Search code examples
apache-sparkspark-streamingambarihdpdatanode

hadoop cluster + any way to disable spark application to run on specific data nodes


we have Hadoop cluster ( HDP 2.6.5 cluster with ambari , with 25 datanodes machines )

we are using spark streaming application (spark 2.1 run over Hortonworks 2.6.x )

the current situation is that spark streaming applications runs on all datanodes machines

but now we want the spark streaming application to run only on the first 10 datanodes machines

so the others last 15 datanodes machines will be restricted , and spark application will runs only on the first 10 datanodes machines

is this scenario can be done by ambary features or other approach?

for example we found the - https://docs.cloudera.com/HDPDocuments/HDP2/HDP-2.3.2/bk_yarn_resource_mgt/content/configuring_node_labels.html ,

and

http://crazyadmins.com/configure-node-labels-on-yarn/

but not sure if Node Labes can help us


Solution

  • @Jessica Yes, you are absolutely onto the right path. Yarn Node Labels and Yarn Queues are how Ambari Administrators control team level access to portions of the entire yarn cluster. You can start very basic with just a non default queues or get very in-depth with many queues for many different teams. Node labels take it to another level, allow you to map queues and teams to nodes specifically.

    Here is a post with the syntax for spark to use the yarn queue:

    How to choose the queue for Spark job using spark-submit?

    I tried to find 2.6 version of these docs, but was not able.... they have really mixed up the docs since the merger...

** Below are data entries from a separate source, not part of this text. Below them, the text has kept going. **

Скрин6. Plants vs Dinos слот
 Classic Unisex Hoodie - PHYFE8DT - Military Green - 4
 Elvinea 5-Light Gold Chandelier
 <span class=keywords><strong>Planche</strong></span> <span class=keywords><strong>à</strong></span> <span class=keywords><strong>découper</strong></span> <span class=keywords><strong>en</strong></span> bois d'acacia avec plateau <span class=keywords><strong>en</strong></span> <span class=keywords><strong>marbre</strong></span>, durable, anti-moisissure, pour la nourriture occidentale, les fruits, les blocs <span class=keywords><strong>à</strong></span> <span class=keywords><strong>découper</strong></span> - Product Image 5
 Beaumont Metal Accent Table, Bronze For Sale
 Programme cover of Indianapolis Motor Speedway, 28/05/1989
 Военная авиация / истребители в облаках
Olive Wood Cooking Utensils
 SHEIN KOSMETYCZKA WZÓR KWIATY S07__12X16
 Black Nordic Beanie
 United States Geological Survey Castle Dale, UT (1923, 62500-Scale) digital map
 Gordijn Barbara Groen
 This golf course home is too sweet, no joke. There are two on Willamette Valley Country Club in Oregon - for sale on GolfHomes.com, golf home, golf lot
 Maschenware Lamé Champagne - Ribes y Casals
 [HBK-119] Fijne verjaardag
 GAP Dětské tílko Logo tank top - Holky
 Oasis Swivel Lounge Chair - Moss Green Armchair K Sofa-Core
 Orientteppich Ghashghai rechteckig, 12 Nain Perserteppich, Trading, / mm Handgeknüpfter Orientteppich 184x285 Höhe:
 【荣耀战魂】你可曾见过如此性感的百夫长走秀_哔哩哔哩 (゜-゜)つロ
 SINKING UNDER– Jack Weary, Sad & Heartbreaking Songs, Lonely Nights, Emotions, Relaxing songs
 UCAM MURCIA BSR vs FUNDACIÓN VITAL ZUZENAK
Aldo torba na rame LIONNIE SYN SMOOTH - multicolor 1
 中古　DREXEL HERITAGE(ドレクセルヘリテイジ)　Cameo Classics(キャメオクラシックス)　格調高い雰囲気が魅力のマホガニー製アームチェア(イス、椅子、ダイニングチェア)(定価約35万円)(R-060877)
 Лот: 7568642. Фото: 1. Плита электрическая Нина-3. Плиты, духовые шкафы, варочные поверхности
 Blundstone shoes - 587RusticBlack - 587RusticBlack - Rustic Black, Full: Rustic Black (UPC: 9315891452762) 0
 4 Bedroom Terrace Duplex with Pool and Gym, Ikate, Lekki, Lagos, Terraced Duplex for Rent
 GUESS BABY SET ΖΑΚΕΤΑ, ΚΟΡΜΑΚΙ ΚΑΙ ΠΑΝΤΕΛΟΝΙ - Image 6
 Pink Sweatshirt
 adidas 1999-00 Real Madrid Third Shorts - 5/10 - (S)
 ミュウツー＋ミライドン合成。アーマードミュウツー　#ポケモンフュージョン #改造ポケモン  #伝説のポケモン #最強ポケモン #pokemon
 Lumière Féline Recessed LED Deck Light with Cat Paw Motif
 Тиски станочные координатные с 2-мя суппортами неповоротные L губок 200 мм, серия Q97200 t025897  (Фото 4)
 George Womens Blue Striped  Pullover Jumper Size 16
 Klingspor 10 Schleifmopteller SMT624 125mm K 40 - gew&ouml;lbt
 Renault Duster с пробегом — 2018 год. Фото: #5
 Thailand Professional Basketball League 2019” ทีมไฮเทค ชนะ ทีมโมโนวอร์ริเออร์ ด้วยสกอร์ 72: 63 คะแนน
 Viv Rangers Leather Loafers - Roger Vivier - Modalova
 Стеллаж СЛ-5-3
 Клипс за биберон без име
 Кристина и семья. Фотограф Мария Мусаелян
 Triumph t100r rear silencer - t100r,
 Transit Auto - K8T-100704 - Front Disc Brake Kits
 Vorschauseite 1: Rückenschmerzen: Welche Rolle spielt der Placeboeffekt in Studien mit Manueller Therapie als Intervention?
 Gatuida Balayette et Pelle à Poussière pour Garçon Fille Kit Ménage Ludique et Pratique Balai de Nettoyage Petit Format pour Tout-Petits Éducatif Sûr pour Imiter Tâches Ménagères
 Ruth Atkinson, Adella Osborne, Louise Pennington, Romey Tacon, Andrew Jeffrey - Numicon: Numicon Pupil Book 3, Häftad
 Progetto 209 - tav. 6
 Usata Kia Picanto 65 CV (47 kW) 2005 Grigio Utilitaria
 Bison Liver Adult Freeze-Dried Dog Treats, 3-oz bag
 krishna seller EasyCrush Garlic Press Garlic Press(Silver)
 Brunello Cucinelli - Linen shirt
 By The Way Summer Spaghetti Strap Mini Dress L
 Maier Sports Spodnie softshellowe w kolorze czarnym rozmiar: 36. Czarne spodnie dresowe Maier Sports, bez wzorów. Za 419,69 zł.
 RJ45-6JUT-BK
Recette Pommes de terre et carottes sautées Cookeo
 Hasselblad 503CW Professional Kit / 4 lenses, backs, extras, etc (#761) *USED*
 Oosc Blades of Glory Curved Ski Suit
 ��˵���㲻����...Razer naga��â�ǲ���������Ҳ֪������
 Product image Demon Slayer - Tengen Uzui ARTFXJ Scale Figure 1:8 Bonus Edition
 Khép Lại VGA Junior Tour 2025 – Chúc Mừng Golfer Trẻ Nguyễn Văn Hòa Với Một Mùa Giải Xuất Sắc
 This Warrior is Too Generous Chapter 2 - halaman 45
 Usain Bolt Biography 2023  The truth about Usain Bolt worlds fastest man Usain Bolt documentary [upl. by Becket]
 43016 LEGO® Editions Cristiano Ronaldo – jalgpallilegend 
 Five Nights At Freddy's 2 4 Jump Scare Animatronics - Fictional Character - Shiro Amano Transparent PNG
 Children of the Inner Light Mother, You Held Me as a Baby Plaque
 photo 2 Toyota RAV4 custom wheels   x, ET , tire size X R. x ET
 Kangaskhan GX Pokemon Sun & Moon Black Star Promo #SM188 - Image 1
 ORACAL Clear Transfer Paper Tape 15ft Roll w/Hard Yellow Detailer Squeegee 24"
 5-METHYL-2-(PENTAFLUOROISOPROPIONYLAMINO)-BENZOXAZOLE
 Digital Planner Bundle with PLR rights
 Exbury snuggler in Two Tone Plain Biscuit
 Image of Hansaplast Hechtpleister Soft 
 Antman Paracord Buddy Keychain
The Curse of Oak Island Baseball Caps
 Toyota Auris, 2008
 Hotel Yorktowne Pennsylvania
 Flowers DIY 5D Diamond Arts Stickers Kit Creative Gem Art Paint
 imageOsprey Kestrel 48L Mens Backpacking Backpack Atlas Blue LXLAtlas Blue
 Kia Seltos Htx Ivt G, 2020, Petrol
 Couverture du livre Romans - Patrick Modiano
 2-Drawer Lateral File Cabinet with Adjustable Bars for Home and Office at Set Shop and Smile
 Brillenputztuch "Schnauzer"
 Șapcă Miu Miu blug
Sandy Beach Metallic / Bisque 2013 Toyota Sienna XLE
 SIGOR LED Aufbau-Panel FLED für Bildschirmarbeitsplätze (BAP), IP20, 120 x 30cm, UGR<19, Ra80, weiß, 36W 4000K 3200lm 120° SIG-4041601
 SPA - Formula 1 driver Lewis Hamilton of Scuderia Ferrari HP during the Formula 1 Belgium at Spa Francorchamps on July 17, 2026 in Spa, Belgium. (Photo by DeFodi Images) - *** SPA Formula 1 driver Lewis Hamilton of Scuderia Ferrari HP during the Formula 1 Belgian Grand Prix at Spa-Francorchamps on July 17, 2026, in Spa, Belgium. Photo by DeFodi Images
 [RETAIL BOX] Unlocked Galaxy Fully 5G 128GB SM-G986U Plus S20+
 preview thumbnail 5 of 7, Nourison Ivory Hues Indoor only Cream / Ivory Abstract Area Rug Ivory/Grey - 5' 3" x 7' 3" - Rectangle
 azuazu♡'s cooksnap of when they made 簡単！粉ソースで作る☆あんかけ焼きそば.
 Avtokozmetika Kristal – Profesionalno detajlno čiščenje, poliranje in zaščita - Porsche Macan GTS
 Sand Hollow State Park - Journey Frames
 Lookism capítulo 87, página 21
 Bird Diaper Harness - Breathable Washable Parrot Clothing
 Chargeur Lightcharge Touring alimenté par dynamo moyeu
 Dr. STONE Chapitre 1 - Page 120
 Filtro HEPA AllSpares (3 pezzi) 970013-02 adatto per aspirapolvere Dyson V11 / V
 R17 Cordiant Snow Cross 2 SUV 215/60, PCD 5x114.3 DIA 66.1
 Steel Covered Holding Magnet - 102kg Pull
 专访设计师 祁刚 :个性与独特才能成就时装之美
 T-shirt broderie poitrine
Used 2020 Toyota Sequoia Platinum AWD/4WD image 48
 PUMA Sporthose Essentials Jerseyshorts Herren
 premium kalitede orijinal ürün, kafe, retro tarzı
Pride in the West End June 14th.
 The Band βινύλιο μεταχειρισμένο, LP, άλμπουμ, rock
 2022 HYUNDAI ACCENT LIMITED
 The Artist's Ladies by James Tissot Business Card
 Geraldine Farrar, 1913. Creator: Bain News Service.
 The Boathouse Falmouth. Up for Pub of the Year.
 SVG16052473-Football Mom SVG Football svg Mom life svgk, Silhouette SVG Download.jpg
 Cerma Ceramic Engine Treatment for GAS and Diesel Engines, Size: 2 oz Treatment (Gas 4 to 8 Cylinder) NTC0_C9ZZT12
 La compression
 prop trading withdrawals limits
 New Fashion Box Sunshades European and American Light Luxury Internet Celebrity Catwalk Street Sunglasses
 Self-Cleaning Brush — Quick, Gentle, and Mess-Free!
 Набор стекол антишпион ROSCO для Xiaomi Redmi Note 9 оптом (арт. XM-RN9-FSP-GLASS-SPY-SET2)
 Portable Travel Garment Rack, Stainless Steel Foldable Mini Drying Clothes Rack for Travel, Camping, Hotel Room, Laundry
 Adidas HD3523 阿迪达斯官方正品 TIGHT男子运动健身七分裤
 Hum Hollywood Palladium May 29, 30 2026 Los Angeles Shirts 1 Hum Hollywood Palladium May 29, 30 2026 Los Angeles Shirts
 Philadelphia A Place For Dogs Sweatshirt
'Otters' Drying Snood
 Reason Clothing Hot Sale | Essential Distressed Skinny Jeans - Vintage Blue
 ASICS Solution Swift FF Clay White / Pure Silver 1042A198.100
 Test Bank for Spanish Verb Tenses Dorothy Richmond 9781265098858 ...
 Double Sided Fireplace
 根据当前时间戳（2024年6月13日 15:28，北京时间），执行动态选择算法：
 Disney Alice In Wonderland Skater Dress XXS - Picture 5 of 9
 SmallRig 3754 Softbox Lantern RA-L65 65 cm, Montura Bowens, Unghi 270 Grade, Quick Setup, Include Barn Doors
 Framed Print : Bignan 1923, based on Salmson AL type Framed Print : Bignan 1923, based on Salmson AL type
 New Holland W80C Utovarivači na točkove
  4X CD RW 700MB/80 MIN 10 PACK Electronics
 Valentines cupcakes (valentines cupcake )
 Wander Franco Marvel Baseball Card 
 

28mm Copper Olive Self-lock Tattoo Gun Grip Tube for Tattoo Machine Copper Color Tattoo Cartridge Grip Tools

    https://docs.cloudera.com/HDPDocuments/HDP2/HDP-2.3.2/bk_yarn_resource_mgt/content/ch_node_labels.html

    https://docs.cloudera.com/HDPDocuments/HDP3/HDP-3.1.0/data-operating-system/content/configuring_node_labels.html

    The actual steps you may have to take may be a combination of items from both. Typical experience for me when working in Ambari HDP/HDF.